Magnetic resonance imaging (MRI) is one of medical images used by doctors for diagnosing diseases. MRI shows higher quality in displaying soft tissues and tumors. Pharmacokinetic dynamic gadolinium-enhanced MR imaging and functional MR imaging (fMRI) were used in this dissertation. Dynamic MR images are obtained using fast spin-echo sequences at consecutive time after the injection of gadolinium-diethylene-triamine penta-acetic (Gd-DTPA) acid. A pharmacokinetic model analyzes time-signal intensity curves of suspected lesions. Functional MR imaging produces images of activated brain regions by detecting the indirect effects of neuronal activity on local blood volume, flow, and oxygen saturation. Thus it is a promising tool for further understanding the relationships between brain structure, function, and pathology. Because of patients' movement during imaging, serially acquired MR images do not correspond in the same pixel position. Therefore, matching corresponding points from MR images is one of fundamental tasks in this dissertation. Least-squares estimation is a standard method for parameter estimation. However, outliers (due to non-Gaussian noise, lesion evolution, motion-related artifacts, etc.) may exist and thus may cause the motion parameter estimation result to deteriorate. In this dissertation, we describe two robust estimation algorithms for the registration of serially acquired MR images. The first estimation algorithm is based on the Newton method and uses the Tukey's biweight objective function. The second estimation algorithm is based on the Levenberg-Marquardt technique and uses a skipped mean objective function. The robust M-estimators can suppress the effects of the outliers by scaling down their error magnitudes or completely rejecting outliers using a weighting function. Experimental results show the accuracy of the proposed robust estimation algorithms is within subpixel.

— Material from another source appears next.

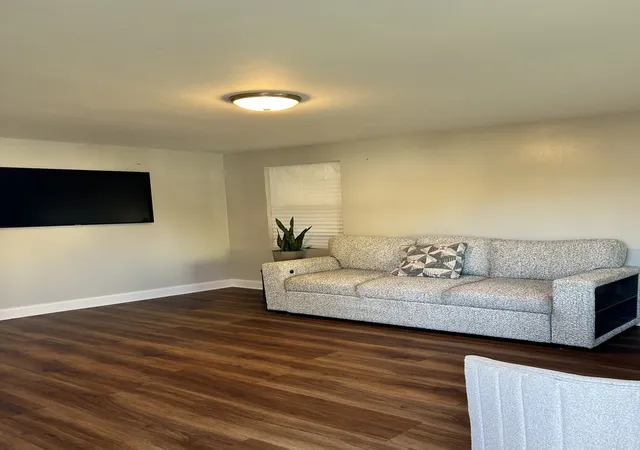 Photo 2 of Single family home for sale at 6623 S Knox Ave, Chicago, IL 60629 | MLS# 12754845 | Listing updated on 2026-10-20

MR imaging has been used to evaluate nasal papilloma. However, postoperative MR imaging of nasal papilloma becomes more complicated because repair with granulation and fibrosis occurs after surgery. Therefore, it is possible to misclassify recurrences as postoperative changes or to misclassify postoperative changes as recurrences. Recently, dynamic gadolinium-enhanced MR imaging with pharmacokinetic analysis has been successfully used to identify the post-treatment recurrence or postoperative changes in rectal and cervical carcinoma. Nasopharyngeal carcinoma (NPC) comprising malignant tumors is a disease more common in Asia than in other parts of the world. Hence, in this dissertation, we evaluate the feasibility of dynamic gadolinium-enhanced MR imaging with pharmacokinetic analysis in detecting NPC and distinguishing recurrent nasal papilloma from postoperative changes (fibrosis or granulation tissue).

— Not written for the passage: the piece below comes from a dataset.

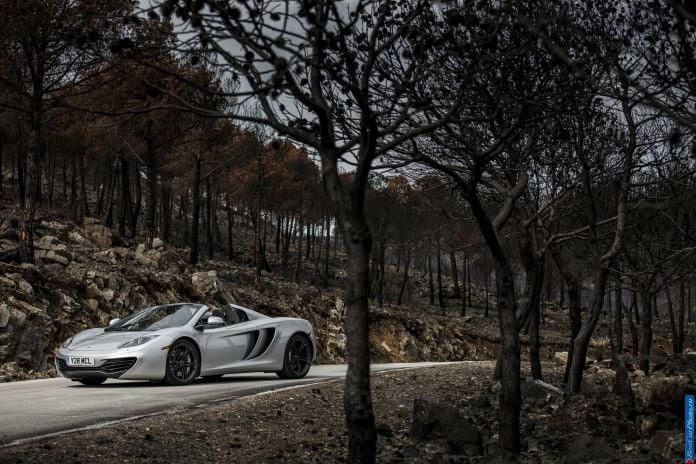 2012 McLaren MP4-12C Spyder - фотография 86 из 148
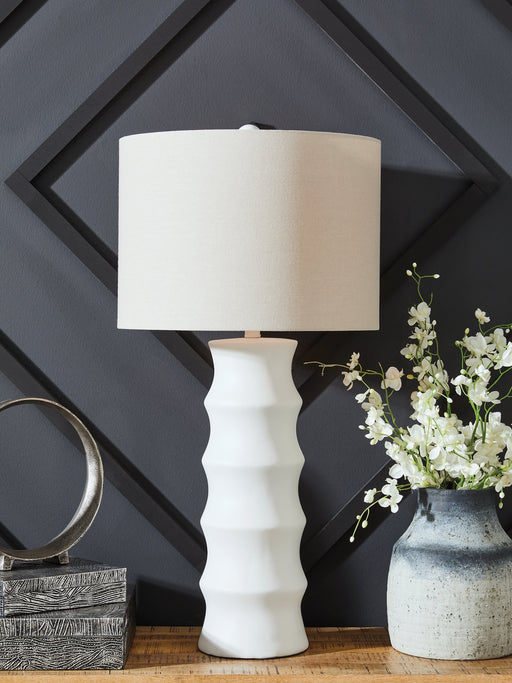 Veraleigh Table Lamp - Woo Town Furniture (Worcester,MA)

In this dissertation, a new approach to differentiate recurrent nasal papilloma from postoperative changes using pharmacokinetic dynamic gadolinium-enhanced MR imaging and robust motion correction is presented. First, a robust estimation technique is incorporated into nonlinear minimization method to robustly register dynamic gadolinium-enhanced MR images. Next, user roughly selects the region of interest (ROI) and an active contour technique is used to extract a more precise ROI. Then, the relative signal increase (RSI) is calculated. We use a three-parameter mathematical model for pharmacokinetic analysis. The pharmacokinetic parameters A (enhancement amplitude) and Tc (tissue distribution time) are calculated by a nonlinear least-squares fitting technique. The calculated A and Tc are used to characterize tissue. Pharmacokinetic analysis shows that recurrent nasal papilloma has faster tissue distribution time (Tc, 41 versus 88 seconds) and higher enhancement amplitude (A, 2.4 versus 1.2 arbitrary units) than do postoperative changes. A cut-off of 65 seconds for tissue distribution time and 1.6 units for enhancement amplitude yields an accuracy of 100% for differentiating recurrent nasal papilloma from postoperative changes.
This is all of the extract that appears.